▶ What is being asked
Beginning with the line below that contains "Dark gray 9.7in" and ending with the line that contains "Anastasia Taylor-Lind) Viktoriia", retype every line exactly. Pictures are not copied.

▶ Task input
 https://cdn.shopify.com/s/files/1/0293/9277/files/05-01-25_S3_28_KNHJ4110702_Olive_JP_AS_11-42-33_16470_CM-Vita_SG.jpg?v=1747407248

---

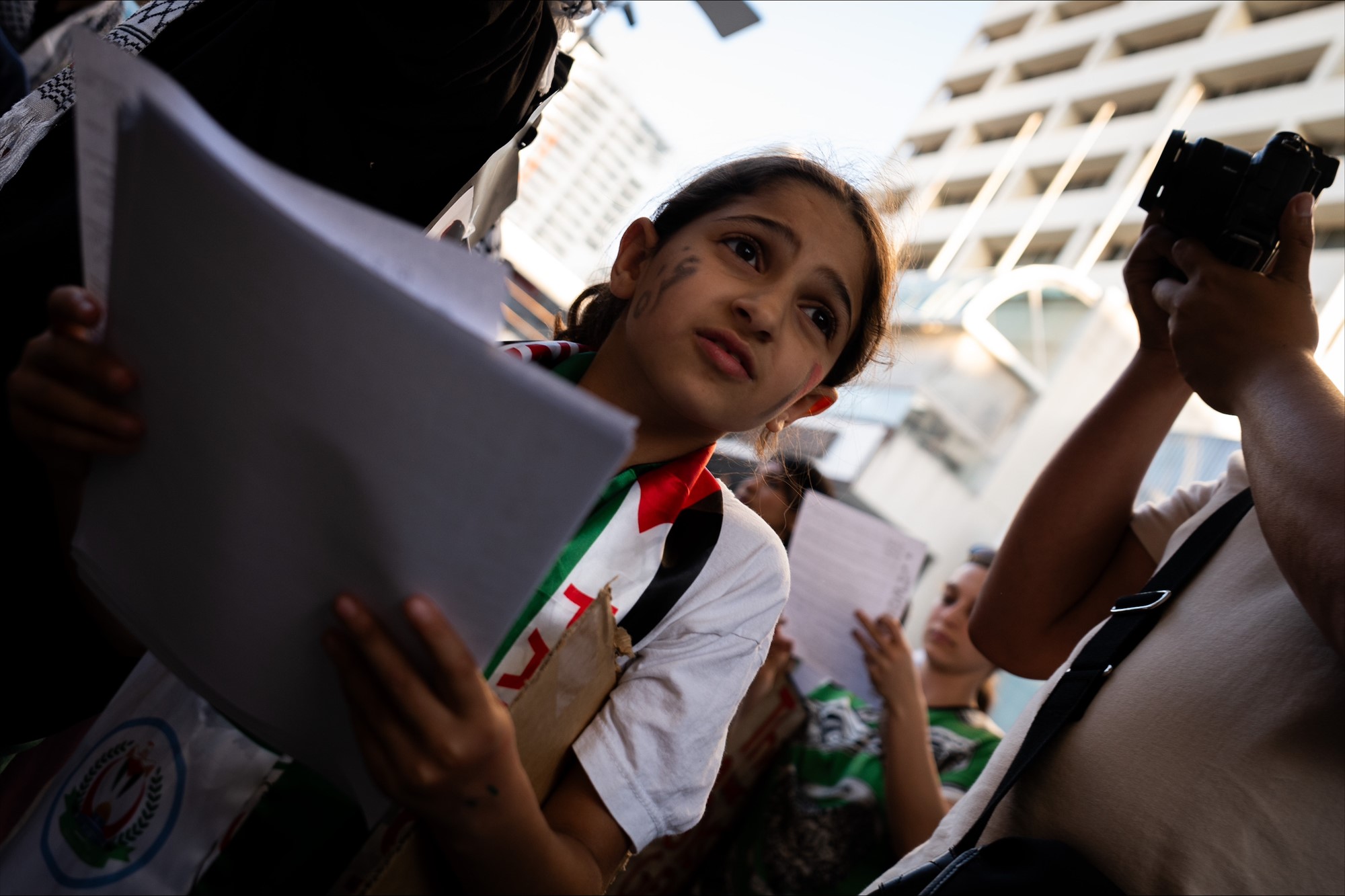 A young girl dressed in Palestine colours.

--

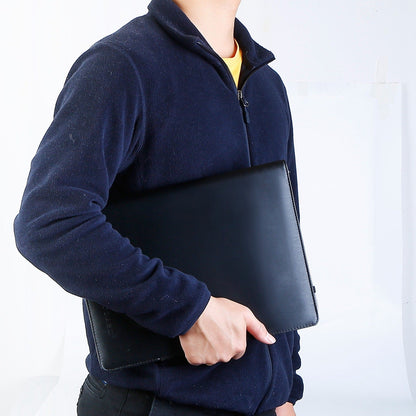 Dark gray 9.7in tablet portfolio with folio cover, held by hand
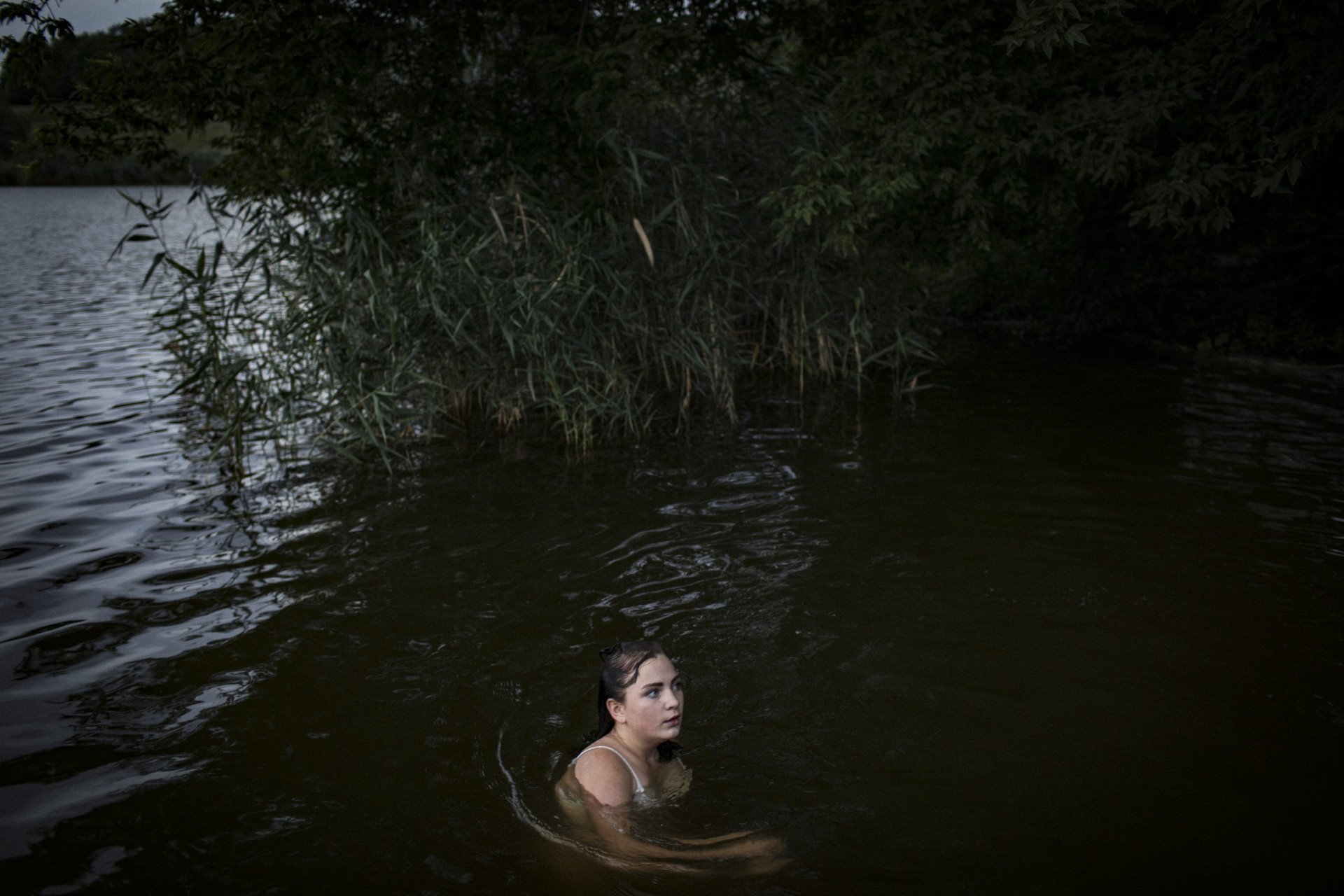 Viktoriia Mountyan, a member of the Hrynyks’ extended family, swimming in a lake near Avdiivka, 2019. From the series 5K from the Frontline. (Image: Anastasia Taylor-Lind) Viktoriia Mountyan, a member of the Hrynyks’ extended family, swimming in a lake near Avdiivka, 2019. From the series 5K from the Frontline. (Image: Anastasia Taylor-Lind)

▶ Exercise solution
 Dark gray 9.7in tablet portfolio with folio cover, held by hand
 Viktoriia Mountyan, a member of the Hrynyks’ extended family, swimming in a lake near Avdiivka, 2019. From the series 5K from the Frontline. (Image: Anastasia Taylor-Lind) Viktoriia Mountyan, a member of the Hrynyks’ extended family, swimming in a lake near Avdiivka, 2019. From the series 5K from the Frontline. (Image: Anastasia Taylor-Lind)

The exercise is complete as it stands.